The task
All that is needed is an exact copy of the lines from the beginning of the data below through the line containing "Sis Mesleki Ve Teknik Anadolu Lisesi", minus the pictures.

Saved entries
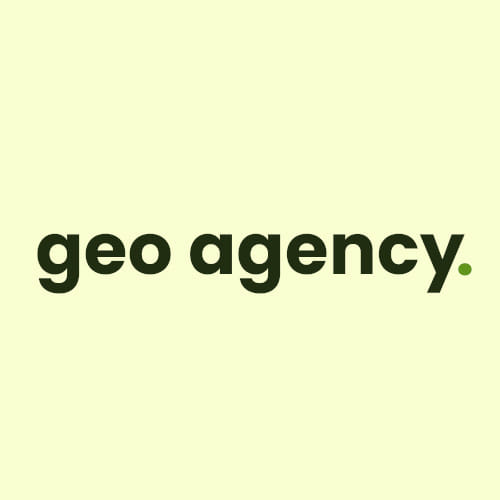 GEO Agency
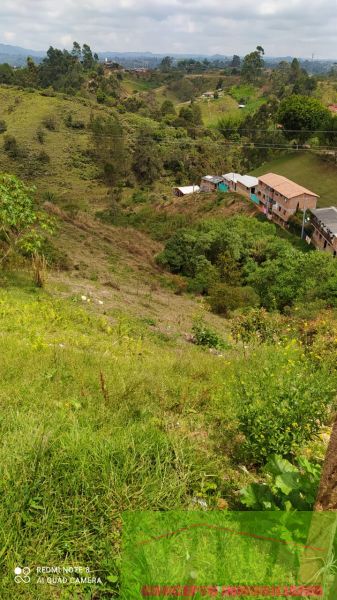 Lote en venta Antioquia Rionegro El Porvenir 7250 m2 Habitaciones 0 Baños 0 Garajes 0 Precio $1500000000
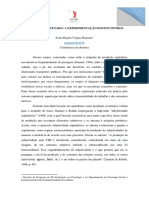 Afetar e ser afetado: a sustentabilidade afetiva nos encontros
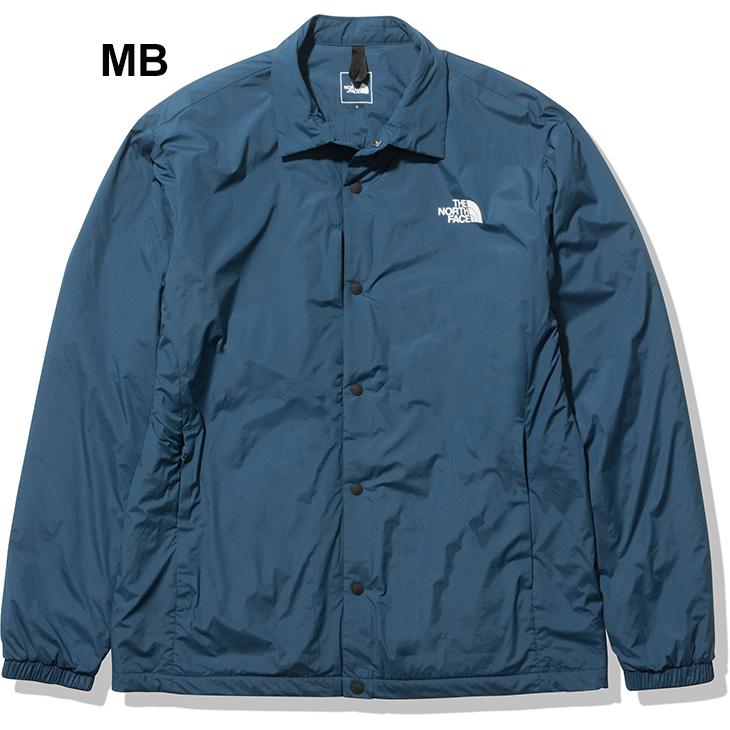 THE NORTH FACE ノースフェイス 中綿入り 長袖 ナイロンシャツ THE NORTH FACE ノースフェイス 中綿入り 長袖 ナイロンシャツ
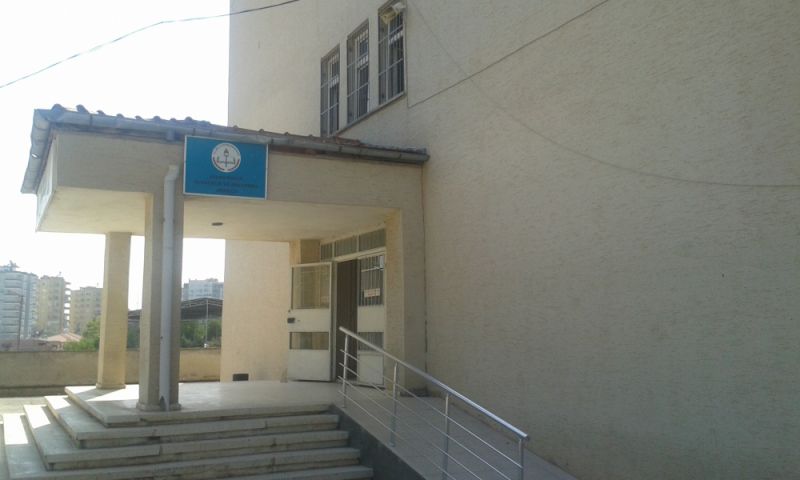 Sis Mesleki Ve Teknik Anadolu Lisesi 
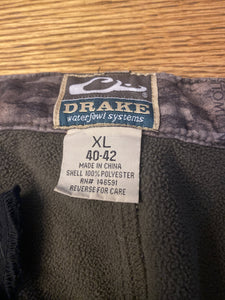 Drake wader pants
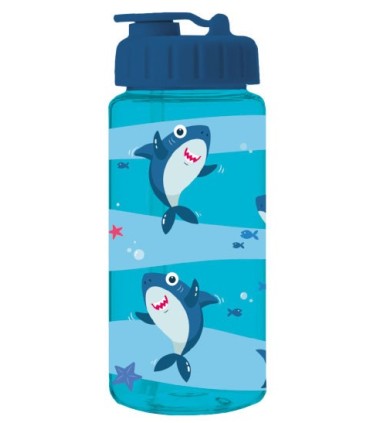 Cantimplora IDrink Kids Tiburón | La Granota Online
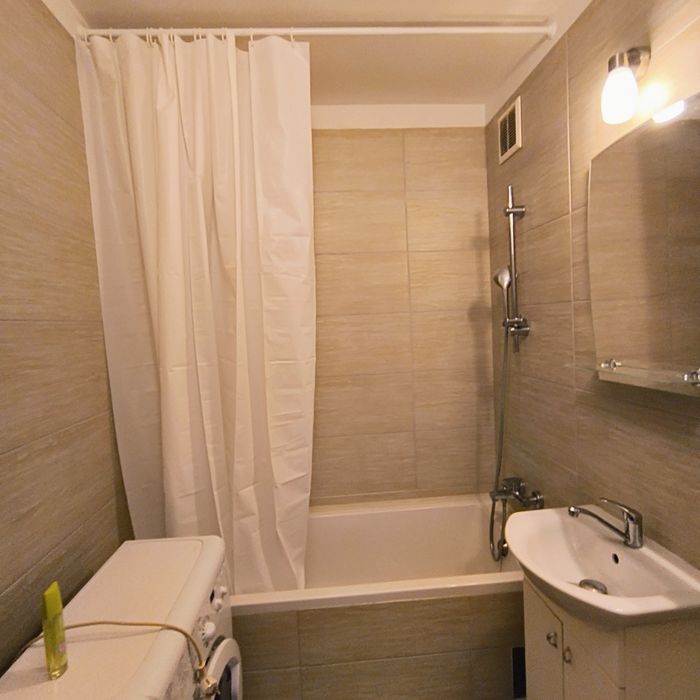 Wynajmę 2-pokojowe mieszkanie, Górna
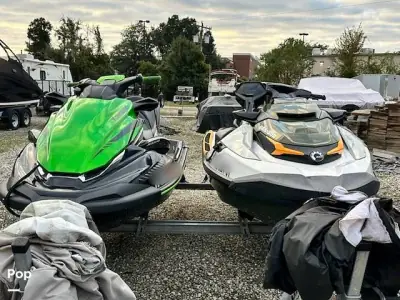 Sea Ray 160 LTD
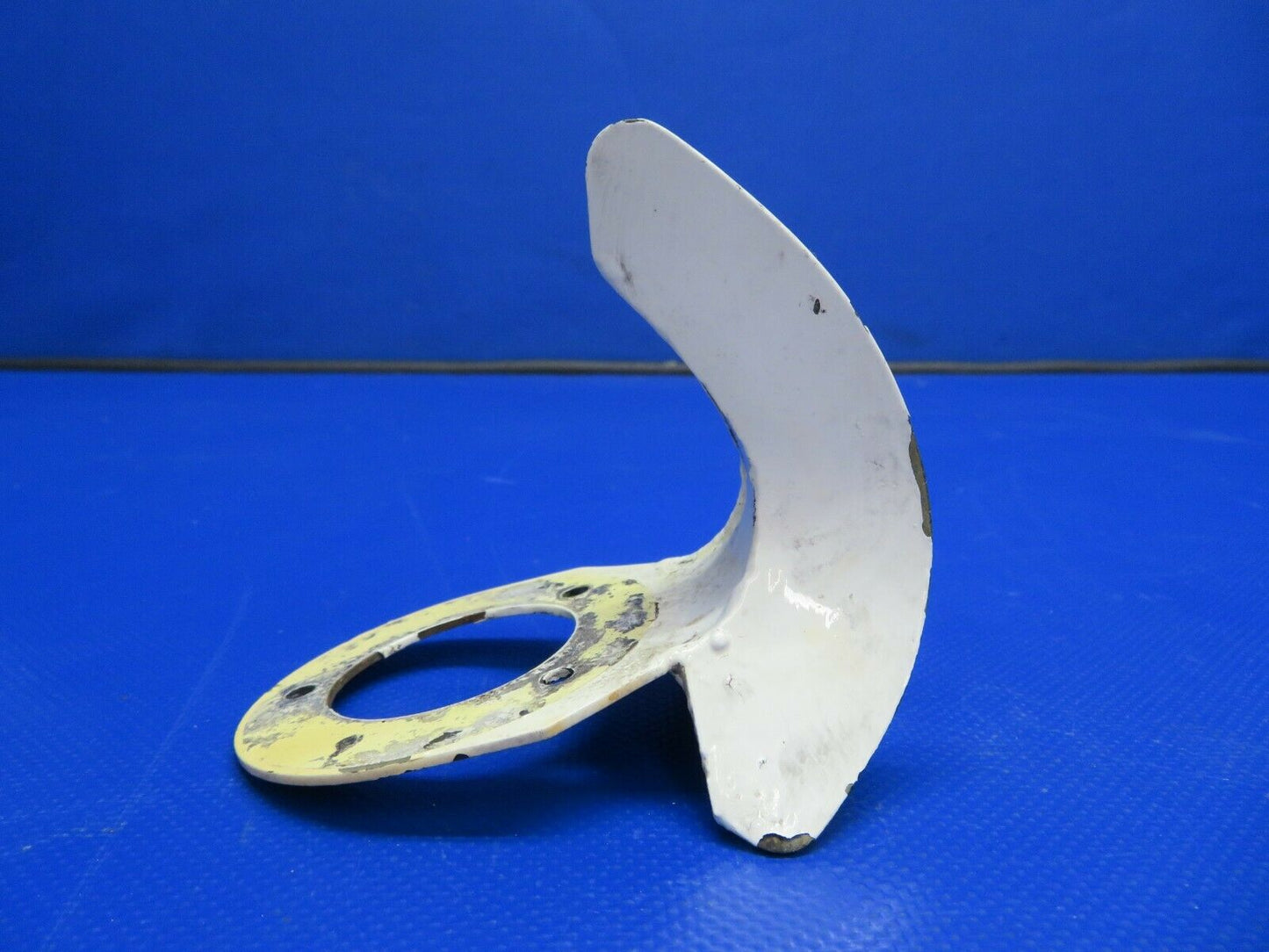Piper PA-32R-300 Lance Bracket Nose Gear Aligner Guide P/N 67107-00 (0121-419)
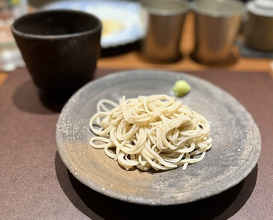 Dinner at Nanachome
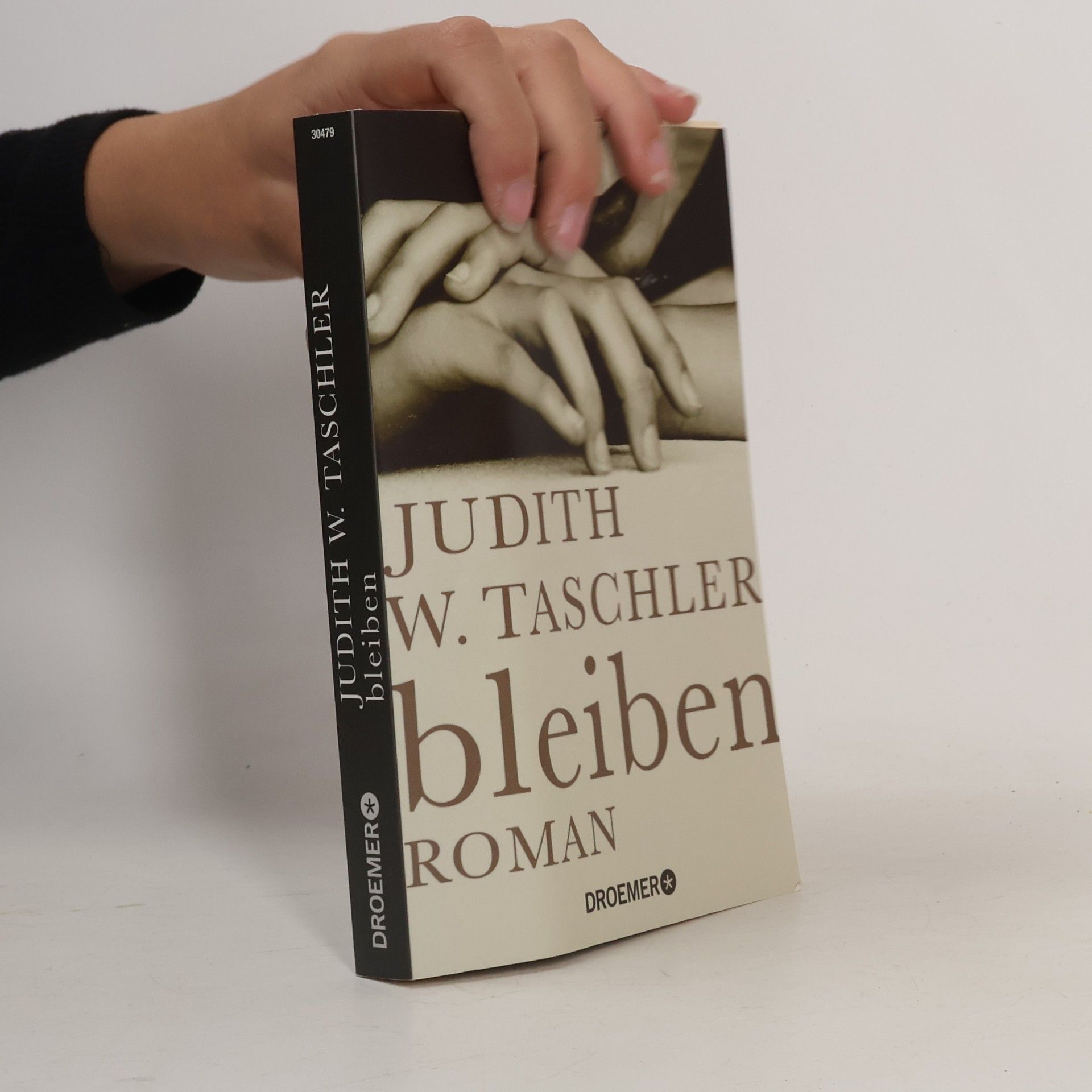 Judith Taschler Bleiben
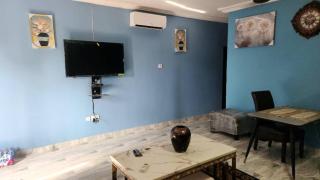 Nuria luxurious one bed room apartment - 9
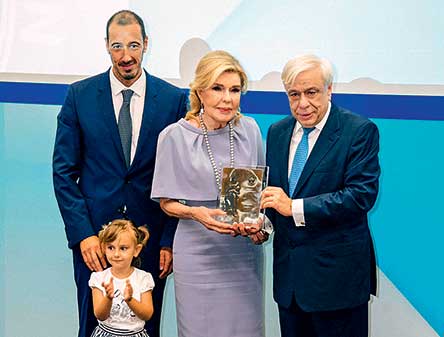 Η Μονάδα που έσωσε 1.000 παιδικές ζωές εόρτασε τα 25 της χρόνια-1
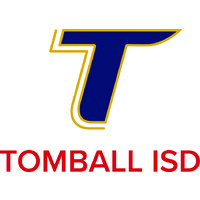 Tomball ISD logo, Tomball ISD contact details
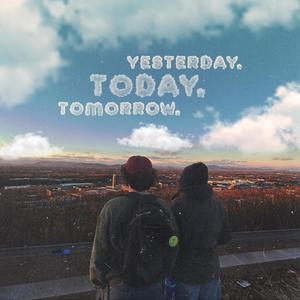 the feeling when things suck but then they get better?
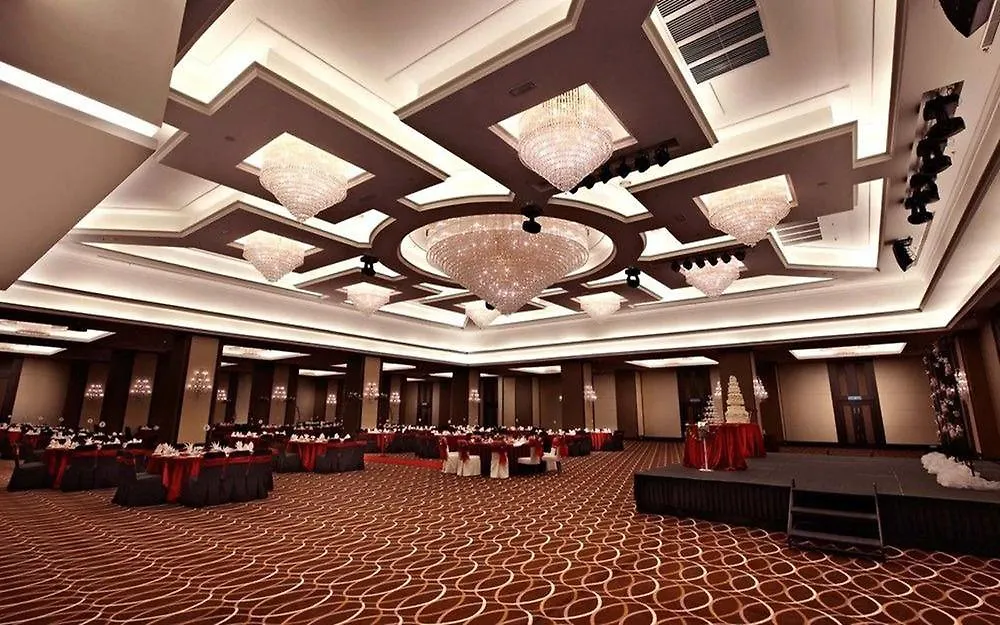 Hatten Hotel Melaka 5*, Malacca Malaysia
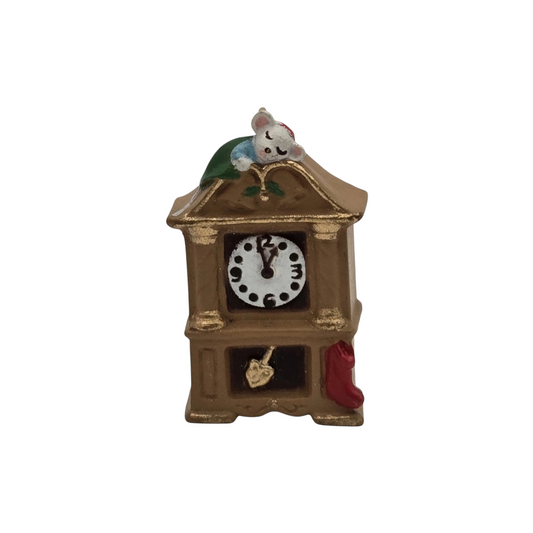 1992 Hickory, Dickory, Dock (Clock)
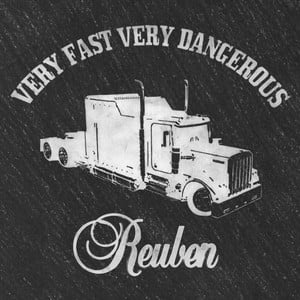 Very Fast Very Dangerous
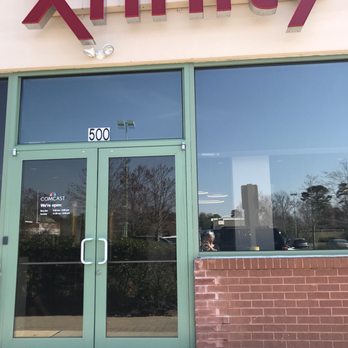 Xfinity Store by Comcast - Thinking about switching to AT&T for better customer service philosophies and experiences. - Internet Service Providers Near Me - Mays Landing, New Jersey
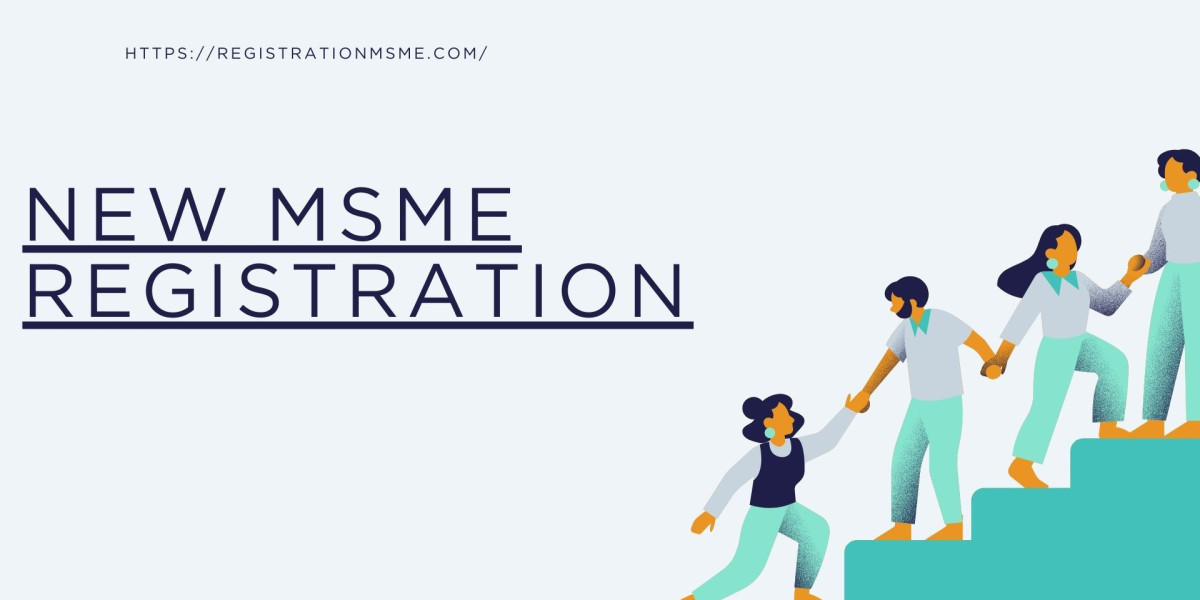 How MSME Registration Benefits Your Business in India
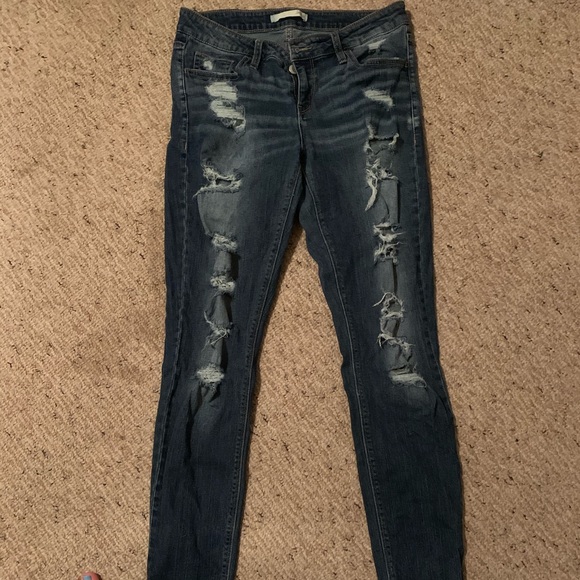Daytrip Jeans. Size 29 waist. - Picture 1 of 6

Answer to this problem
 GEO Agency
 Lote en venta Antioquia Rionegro El Porvenir 7250 m2 Habitaciones 0 Baños 0 Garajes 0 Precio $1500000000
 Afetar e ser afetado: a sustentabilidade afetiva nos encontros
 THE NORTH FACE ノースフェイス 中綿入り 長袖 ナイロンシャツ THE NORTH FACE ノースフェイス 中綿入り 長袖 ナイロンシャツ
 Sis Mesleki Ve Teknik Anadolu Lisesi 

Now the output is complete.